Referee: [Theoretical Analysis] Theoretical Analysis section (proof of unbiasedness for pre-trained GP-based BQ estimator): The claim that the estimator is unbiased and bounded relies on the performance function for a new model being drawn from (or well-approximated by) the posterior of the GP pre-trained on prior models. The manuscript provides no explicit conditions, bounds, or analysis on distribution shift arising from changes in model architecture, input distributions, or failure semantics; without this, the unbiasedness guarantee does not necessarily transfer, undermining the central theoretical contribution.

Authors: We appreciate the referee highlighting the importance of clearly stating the assumptions in our theoretical analysis. The proof of unbiasedness and boundedness for the pre-trained GP-based Bayesian quadrature estimator is derived under the explicit modeling assumption that the target performance function is sampled from the posterior of the GP pre-trained on prior models; this assumption is stated in the Theoretical Analysis section. However, we agree that the manuscript does not provide a dedicated discussion of conditions under which the assumption holds or quantitative bounds on bias due to distribution shift. In the revised manuscript, we will expand the Theoretical Analysis section with: (i) a formal restatement of the transfer assumption, (ii) qualitative analysis of shift sources (architecture changes, input distribution shifts, evolving failure semantics), and (iii) guidance on when the approximation remains useful in practice, supported by the empirical similarity metrics used in our experiments. This addition will clarify the scope of the guarantees without changing the core result. revision: yes

Referee: [Experimental Results] Experimental Results section (efficiency claims of 8-65x fewer samples): The reported sample reductions to reach 1% error relative to ground truth depend on the transferred GP surrogate accurately guiding active selection. No ablation is described that varies the similarity between pre-training data and target model distributions, leaving open whether the gains hold under realistic model-specific shifts or are limited to low-shift cases.

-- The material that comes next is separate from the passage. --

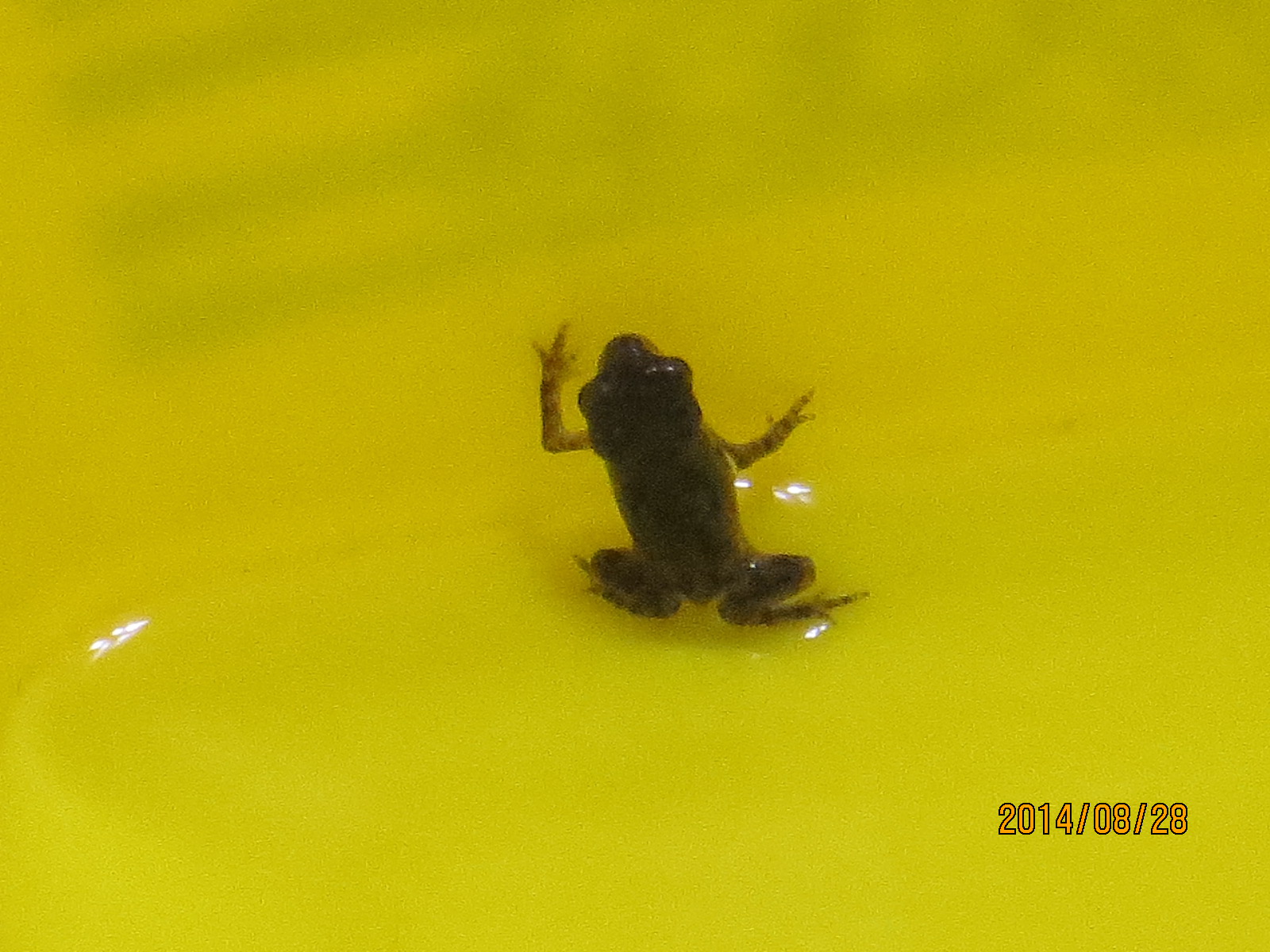 Image-體長約0.5公分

Authors: We agree that an explicit ablation on distributional similarity would strengthen the empirical claims. Our current experiments already span multiple benchmark families (reasoning, safety alignment, classification) with pre-training performed on related but non-identical models, which we view as representative of realistic transfer scenarios. To directly respond to the concern, the revised Experimental Results section will include a new ablation study that systematically varies pre-training set composition by similarity (using embedding-based or task-overlap metrics) and reports the resulting sample-efficiency curves on held-out target models. This will quantify how efficiency gains degrade under increasing shift while confirming robustness in moderate-shift regimes typical of model evaluation. revision: yes

Referee: [Method] Method section (superlevel set sampling for failure discovery): The uncertainty-aware strategy for selecting inputs to reveal diverse failures uses the pre-trained GP posterior, but the manuscript does not detail how posterior predictive variance is adjusted or regularized to account for potential mismatch with new models, which is load-bearing for the claim of simultaneously better failure coverage under strict budgets.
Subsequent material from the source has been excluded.